= The Party People =

Australian party store chain

The Party People is a retail party supply chain based in Australia. It operates the largest retail party supplies outlet in Australia, as well as Australia's most visited online party supply store. The website services customers in Australia, Canada, Japan, New Zealand, Singapore, United Kingdom and the United States.

== History ==
The Party People was founded by Mala Salakas and her father Peter Nikolas as a home-based family business. Their previous venture, a home-based clown hire business, became too large to run from their house. In 1985, the business started trading from a small shop front in Sans Souci, New South Wales and the retail business grew over the following years. The store moved into a new double shop front location in Sans Souci in 1995. The store focused on balloon decoration and retail party supplies. It was Australia's largest store of its kind at the time. The business started online sales in 1999, and was the first of its kind in Australia with an online presence. In 2007, Mala Salakas and Peter Nikolas sold the business to Mala's sons, Dean Salakas and Peter Salakas. On 15 September 2011, the brothers opened Australia's largest party supplies retail outlet in Drummoyne, New South Wales. This second store measures over 1700 square meters.
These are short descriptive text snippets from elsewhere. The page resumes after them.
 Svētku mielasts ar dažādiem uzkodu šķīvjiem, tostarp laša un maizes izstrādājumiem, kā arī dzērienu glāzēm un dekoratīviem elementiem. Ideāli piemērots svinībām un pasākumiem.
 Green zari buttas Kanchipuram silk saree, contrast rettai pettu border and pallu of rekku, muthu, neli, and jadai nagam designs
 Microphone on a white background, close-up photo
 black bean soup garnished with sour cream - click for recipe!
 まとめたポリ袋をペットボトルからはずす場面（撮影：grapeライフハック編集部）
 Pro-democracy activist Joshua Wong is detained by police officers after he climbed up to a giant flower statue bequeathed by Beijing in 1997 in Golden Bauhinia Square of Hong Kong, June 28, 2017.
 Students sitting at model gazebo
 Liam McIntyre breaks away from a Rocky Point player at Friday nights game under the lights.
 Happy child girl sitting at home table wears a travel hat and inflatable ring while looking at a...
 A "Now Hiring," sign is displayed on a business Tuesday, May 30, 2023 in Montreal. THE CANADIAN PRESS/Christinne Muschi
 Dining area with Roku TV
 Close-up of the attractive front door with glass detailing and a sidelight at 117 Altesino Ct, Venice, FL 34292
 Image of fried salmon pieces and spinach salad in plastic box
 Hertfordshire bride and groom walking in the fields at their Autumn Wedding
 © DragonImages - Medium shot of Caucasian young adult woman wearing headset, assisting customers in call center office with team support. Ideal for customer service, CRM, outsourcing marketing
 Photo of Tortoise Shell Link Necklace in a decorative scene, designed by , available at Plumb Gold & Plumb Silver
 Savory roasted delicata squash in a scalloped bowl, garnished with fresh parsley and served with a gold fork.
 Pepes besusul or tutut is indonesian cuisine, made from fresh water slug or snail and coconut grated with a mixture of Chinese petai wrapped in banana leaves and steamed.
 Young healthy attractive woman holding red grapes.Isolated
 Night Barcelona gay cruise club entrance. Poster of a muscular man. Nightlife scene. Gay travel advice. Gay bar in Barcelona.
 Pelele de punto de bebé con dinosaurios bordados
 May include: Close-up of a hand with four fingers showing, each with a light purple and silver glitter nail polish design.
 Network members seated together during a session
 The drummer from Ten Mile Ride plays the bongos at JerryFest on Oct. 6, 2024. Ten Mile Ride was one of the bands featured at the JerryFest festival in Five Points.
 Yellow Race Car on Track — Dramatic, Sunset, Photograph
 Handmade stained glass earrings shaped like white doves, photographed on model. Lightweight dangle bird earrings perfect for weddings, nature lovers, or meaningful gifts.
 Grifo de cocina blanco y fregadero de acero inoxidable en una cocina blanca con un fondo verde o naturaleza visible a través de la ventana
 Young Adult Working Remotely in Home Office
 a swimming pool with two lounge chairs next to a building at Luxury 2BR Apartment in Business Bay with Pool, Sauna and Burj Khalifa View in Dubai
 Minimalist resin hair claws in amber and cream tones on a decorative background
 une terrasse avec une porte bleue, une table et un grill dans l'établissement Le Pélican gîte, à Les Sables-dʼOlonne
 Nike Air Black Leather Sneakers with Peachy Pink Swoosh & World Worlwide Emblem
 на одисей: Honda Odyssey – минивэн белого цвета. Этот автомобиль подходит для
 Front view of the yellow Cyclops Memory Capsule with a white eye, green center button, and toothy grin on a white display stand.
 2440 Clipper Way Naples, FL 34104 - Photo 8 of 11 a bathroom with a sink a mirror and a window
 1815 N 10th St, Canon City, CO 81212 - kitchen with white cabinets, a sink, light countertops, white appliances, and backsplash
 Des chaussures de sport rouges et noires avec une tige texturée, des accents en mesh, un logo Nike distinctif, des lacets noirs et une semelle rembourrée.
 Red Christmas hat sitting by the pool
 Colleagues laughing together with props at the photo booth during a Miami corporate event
The business appeared on episode 7 of the Australian TV series Shark Tank where they were made an offer from Janine Allis to buy 20%, based on a AUD $2 Million valuation, which was rejected by Dean Salakas.

Dean Salakas and Peter Salakas sold The Party People in December 2024 to Sydney Party Decorations for an undisclosed sum. Dean subsequently was appointed head of growth a leading party hire company Party Hire Group.